The resurrection Spirit dwells within us. This is the power from on high that Jesus had promised would come from the Father (Luke 24:49; Acts 1:8). Jesus had previously bestowed power to the 12 (Luke 9) and later the 70 (Luke 10), the same power that he had demonstrated in Nazareth (Luke 4).
The Spirit in Luke: As he writes Acts Luke says “the Holy Spirit came UPON them…” (Acts 1:8; 10:44; 11:15; 19:6). Indeed, scripture talks about being “baptized with the Holy Spirit” (Mark 1:8; Acts 1:5; Acts 11:16) and baptism is an external image. A parallel metaphor used by Paul is to “put on Christ” (Romans 13:14) and in Galatians he even links the two ideas – baptism and being clothed in Christ (Gal 3:27). The phrase “in Christ” appears over 90 times in the New Testament, primarily in Paul’s letters. So the Holy Spirit we can envision washing over us, covering us and saturating us as the waters of baptism – an all-consuming experience whether one is immersed or has the waters poured over. We can thus consider that the Spirit is BOTH on us and in us. These are not different realities but different viewpoints of the same reality. The phrase “filled with the Holy Spirit” is less about the ongoing presence of God’s Spirit within us than descriptive of a momentary experience of inspiration and empowerment to speak and act according to God’s direction. This, again, is a phrase unique to Luke in his gospel and acts (John Luke 1:15; Elizabeth Luke 1:41;Zechariah Luke 1:67; the disciples Acts 2:4; Peter Acts 4:8 NRS; Stephen Acts 7:55 NRS; Paul Acts 13:9 NRS).
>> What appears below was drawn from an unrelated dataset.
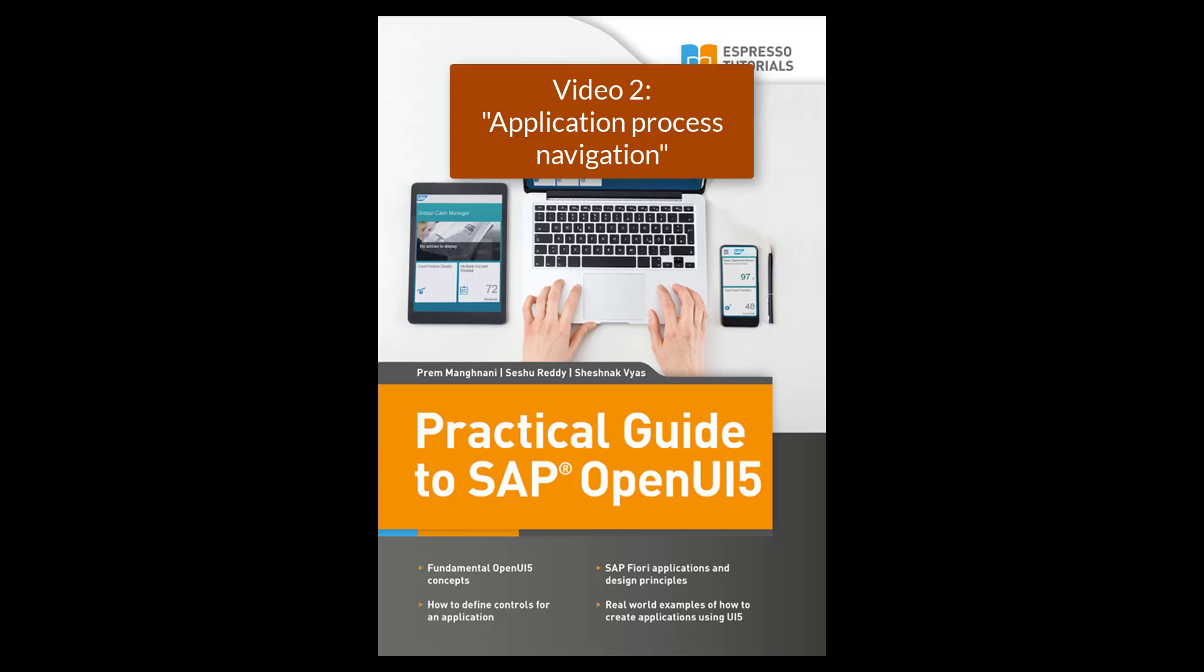In this video, you will learn how to create an application with two pages and how to navigate between them.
The Spirit in Paul and beyond: Paul further says this to the church in Ephesus: 16 I pray that, according to the riches of his glory, he may grant that you may be strengthened in your inner being with power through his Spirit, 17 and that Christ may dwell in your hearts through faith, as you are being rooted and grounded in love. 18 I pray that you may have the power to comprehend, with all the saints, what is the breadth and length and height and depth, 19 and to know the love of Christ that surpasses knowledge, so that you may be filled with all the fullness of God. (Ephesians 3:17-19). And the New Testament also includes the notion of being “in the spirit” which again seems to be a reference to being overwhelmed by a sense of God’s immediate presence while in prayer, worship, or other spiritual discipline or experience (Paul Acts 19:21; believers pray Ephesians 6:18 & worship Philippians 3:3; John Revelation 1:10) Paul states clearly the connection when he says, “you are in the Spirit, since the Spirit of God dwells in you.” (Romans 8:9). Our faith tells us that this God dwelt fully in Jesus of Nazareth (John 1:1-14; Colossians 1:19). And further that this God dwells in us through the Holy Spirit (1 Corinthians 2).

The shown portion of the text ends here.